Dataset excerpts |
# # # # #

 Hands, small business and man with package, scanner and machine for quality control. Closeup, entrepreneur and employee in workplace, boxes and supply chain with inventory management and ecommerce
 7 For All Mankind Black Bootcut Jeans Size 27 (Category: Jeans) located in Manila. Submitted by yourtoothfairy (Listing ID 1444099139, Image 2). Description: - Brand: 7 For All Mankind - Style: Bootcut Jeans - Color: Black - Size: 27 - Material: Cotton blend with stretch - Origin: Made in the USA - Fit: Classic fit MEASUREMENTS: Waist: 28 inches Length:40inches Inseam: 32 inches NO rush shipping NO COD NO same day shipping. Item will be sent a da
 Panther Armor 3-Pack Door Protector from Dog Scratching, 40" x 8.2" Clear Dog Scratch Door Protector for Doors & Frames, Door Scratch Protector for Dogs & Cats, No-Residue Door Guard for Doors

# # # # #

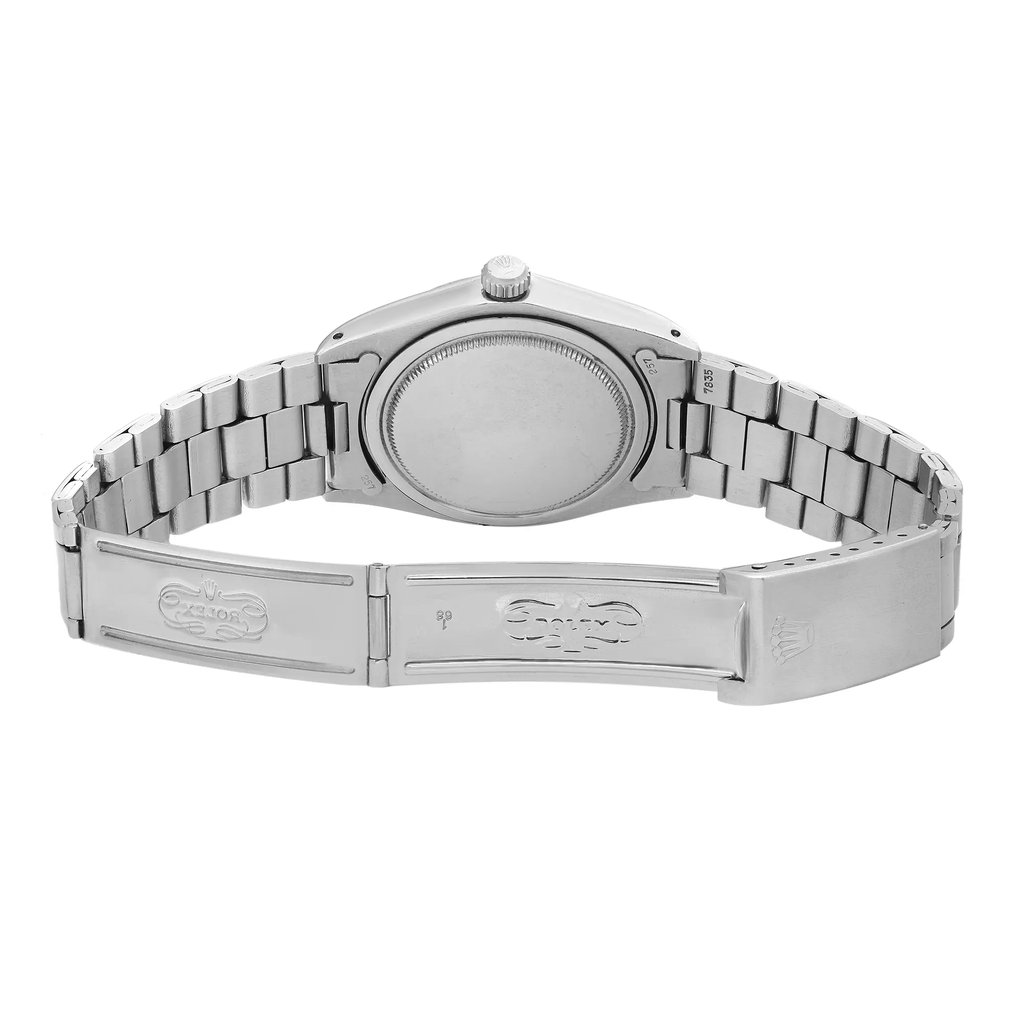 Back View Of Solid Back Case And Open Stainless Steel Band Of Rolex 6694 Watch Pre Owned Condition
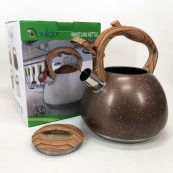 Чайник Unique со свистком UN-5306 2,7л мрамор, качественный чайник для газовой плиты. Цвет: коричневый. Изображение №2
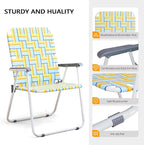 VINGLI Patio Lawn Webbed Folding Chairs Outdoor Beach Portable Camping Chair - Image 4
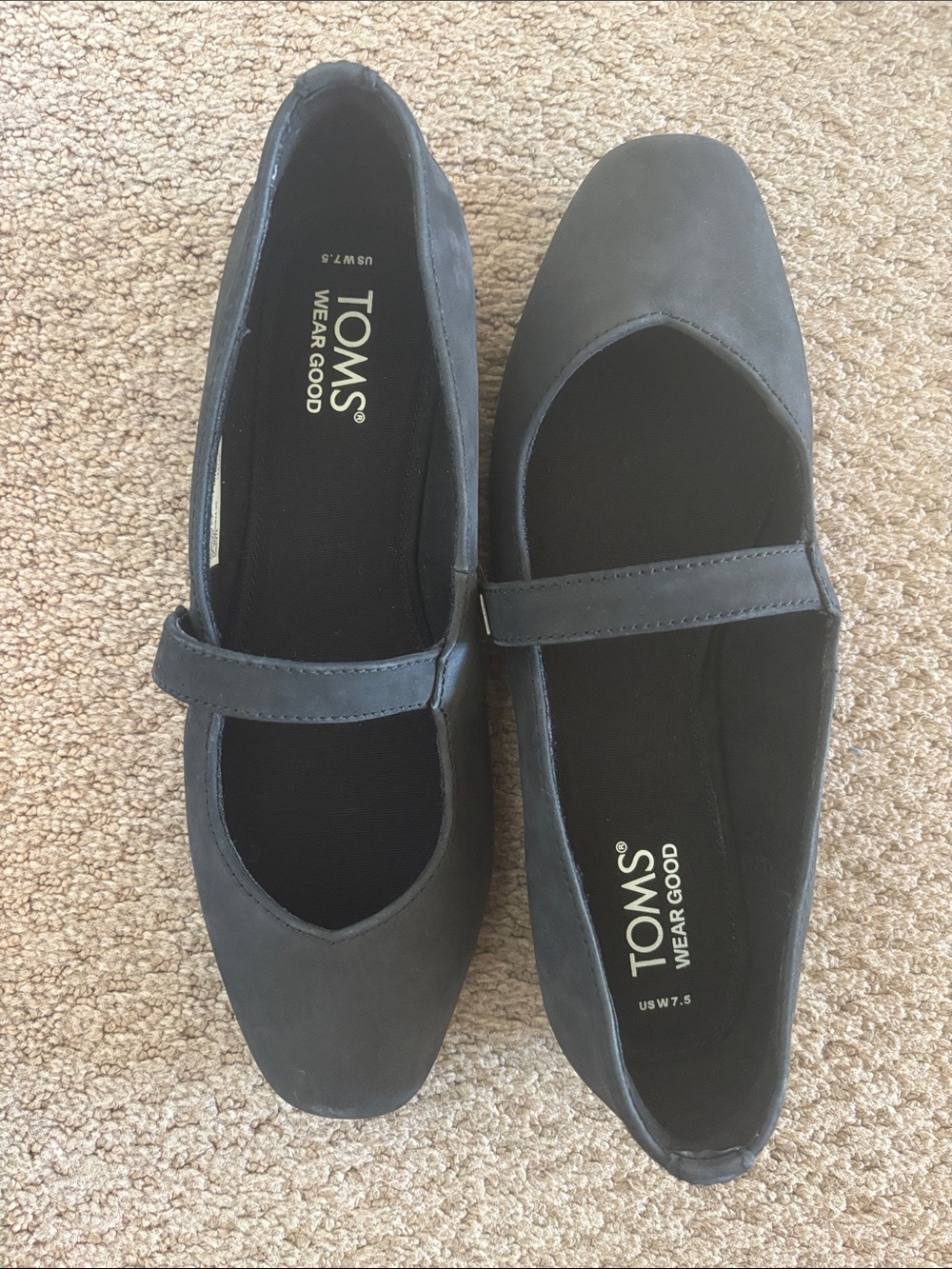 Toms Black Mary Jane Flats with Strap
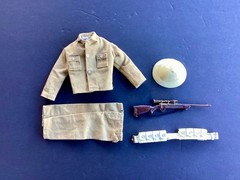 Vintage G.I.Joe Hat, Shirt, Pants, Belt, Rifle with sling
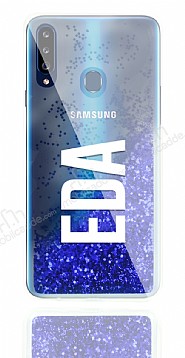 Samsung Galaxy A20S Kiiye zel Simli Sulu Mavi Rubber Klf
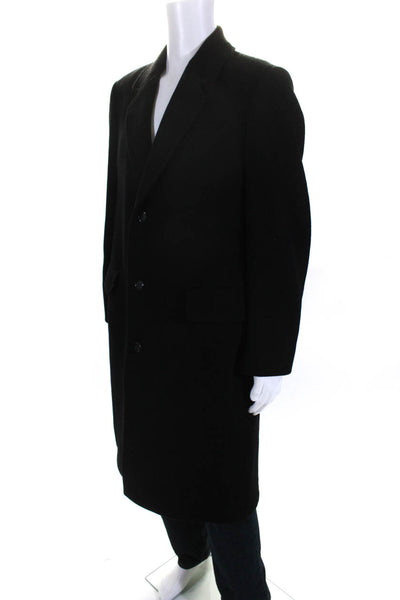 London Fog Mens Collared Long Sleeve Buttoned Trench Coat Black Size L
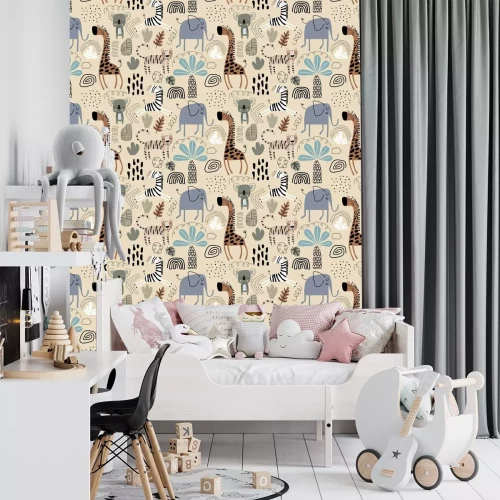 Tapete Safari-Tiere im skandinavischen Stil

# # # # #

Action item | Return the lines above from the one with "Samsung Galaxy A20S" through the one with "Tapete Safari-Tiere im skandinavischen Stil", verbatim and nothing else. Omit every picture.

Result of this task |
 Samsung Galaxy A20S Kiiye zel Simli Sulu Mavi Rubber Klf
 London Fog Mens Collared Long Sleeve Buttoned Trench Coat Black Size L
 Tapete Safari-Tiere im skandinavischen Stil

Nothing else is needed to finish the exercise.